His break in that tune is Genius, my only advice is to slow it down and play one note at a time. Mac users can use Garage Band, pc users, well, go by a mac!

Anyway for all things Monroe look here. There is a TON of Monroe knowledge hanging around there.

Don't forget, slow it down and play it 1,000,000,000,000 times  :Smile:

----------


## tree

If you do manage to get Mr. Bill's break pretty close, you will not only have Back Up and Push, you'll also have a good bit of Rawhide in there too.  I remember when I was trying to work out Rawhide and discovered that Back Up and Push was very similar in a couple of the lines.  It was easier for me to hear the notes in Back Up and Push . . . but I still wish I had the Amazing Slowdowner.

----------


## Alex Orr

Oh, I'll get it down, but it's going to take some time.  I find it harder to memorize breaks in which the melody isn't as strong, and "Back Up and Push" is a very melodic song, both in the A and B parts, though, as noted, Bill seems to deviate from the more standard melody.  Carr's transcription is pretty accurate and the book comes with a CD in which he plays the break slowly, plus Transcribe is a great tool for slowing down Bill's original version.  I'm slowly working my way through the book and have everything that's come before "Back Up and Push" memorized and fairly well up to speeds that are comfortable for most jams, though rarely at the speeds of the recorded versions.  The only thing I've skipped so far in the book is learning Bill's break for "Fire On The Mountain" because it was a tad boring and the tune never gets called around here.  

I will say that one of the frustrating things about Carr's book is that many of the fiddle tune breaks are just for one part, either the A or B, and not the whole song.  Granted, this is not Carr's fault at all but merely reflects Bill's tendency to often only play one part and let the fiddle player handle the other part throughout the song, and the book was primarily meant as a source of learning Monroe's style through a number of his breaks, and not as a source for complete fiddle tune tabs.  That said, I's love to get a good idea of the A part to "Panhandle Country" on the mando because Mon's break for the B-part is a lot of fun.  I love it when Bill uses long periods of hammering partial chords and double stops in his breaks, especially when they're on the bass strings.  It just feels really rockin' to punch those things out, especially since my mando has a lot of volume on the low-end.

----------


## AlanN

An issue of Grisman's MWN transcribed both Bill's and Sam Bush's take on Panhandle Country, in C chord.

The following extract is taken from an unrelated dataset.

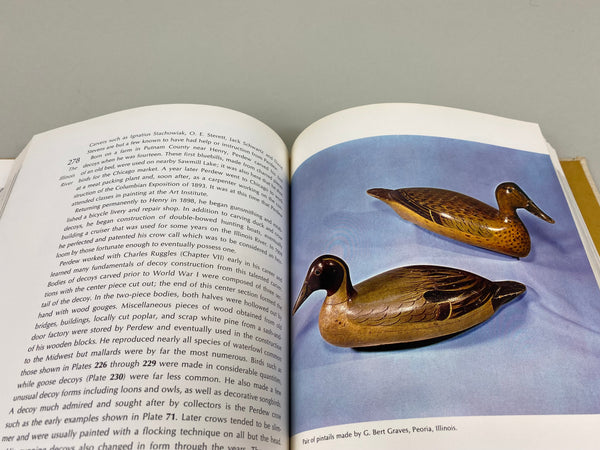 Decoys and Decoy Carvers of Illinois, Hardcover Book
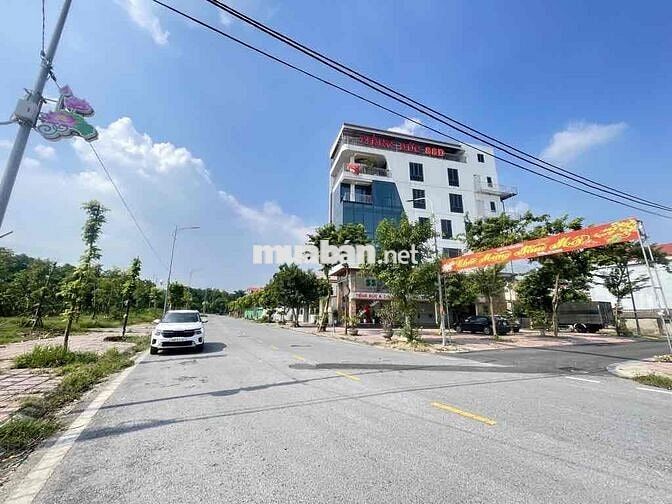 OTO ĐỖ CỬA- CÔNG VIÊN PHẦN MỀM VINTECH- CẠNH VIN BẮC HỒNG VÀ ĐƯỜNG VÕ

Both A and B parts are noted out and dissected, with insight by Mike Marshall on each player's style and feel. Very Interesting.

----------


## sachmo63

> An issue of Grisman's MWN transcribed both Bill's and Sam Bush's take on Panhandle Country, in C chord. Both A and B parts are noted out and dissected, with insight by Mike Marshall on each player's style and feel. Very Interesting.


Interesting? Yes but wrong..........In order to get bills sound you'll NEVER get it from these guys. Don't get me wrong, they take the music to a new level but while they can play the notes it just doesn't convey what bill was doing. ( with the possible exception of grisman about 40 years ago...........maybe)

The fact that homespun used Sam bush to do a Monroe video years ago was laughable. (Ps. I love sam bush) but in what universe does he or did he sound like bill? I'm still agrivated with this and at the time, I knew little to nothin of what he was doing and now that I have a better idea of the hows and what's bill was aiming for I totally lost faith in homespun. Ps. I feel the same about the joe Carr book. I mean really, nothing against joe Carr but he's about as close to sounding like bill as Adam Steffy. 

Bill music is NOT about the notes, it's about the feel and there ain't no book in the world that's gunna give you that.

----------


## tree

> I will say that one of the frustrating things about Carr's book is that many of the fiddle tune breaks are just for one part, either the A or B, and not the whole song.  Granted, this is not Carr's fault at all but merely reflects Bill's tendency to often only play one part and let the fiddle player handle the other part throughout the song, and the book was primarily meant as a source of learning Monroe's style through a number of his breaks, and not as a source for complete fiddle tune tabs.


If there's some part I like and want to learn, I always try to learn it regardless of what instrument is playing it.  Don't let a nonmandolin part hold you back, try to learn it if you like it!  I can't tell you how many banjo, fiddle and guitar licks I've stolen to use on the mandolin . . . and it is great training for your ear to try to figure things out like that.

----------


## Cheryl Watson

If I work up a version this for a lesson, I will share the tab with ya'll.  I'm thinking more of the actual tune to Back up and Push, but in the Monroe style.

----------


## Alex Orr

> Interesting? Yes but wrong..........In order to get bills sound you'll NEVER get it from these guys. Don't get me wrong, they take the music to a new level but while they can play the notes it just doesn't convey what bill was doing. ( with the possible exception of grisman about 40 years ago...........maybe)
> 
> The fact that homespun used Sam bush to do a Monroe video years ago was laughable. (Ps. I love sam bush) but in what universe does he or did he sound like bill? I'm still agrivated with this and at the time, I knew little to nothin of what he was doing and now that I have a better idea of the hows and what's bill was aiming for I totally lost faith in homespun. Ps. I feel the same about the joe Carr book. I mean really, nothing against joe Carr but he's about as close to sounding like bill as Adam Steffy. 
> 
> Bill music is NOT about the notes, it's about the feel and there ain't no book in the world that's gunna give you that.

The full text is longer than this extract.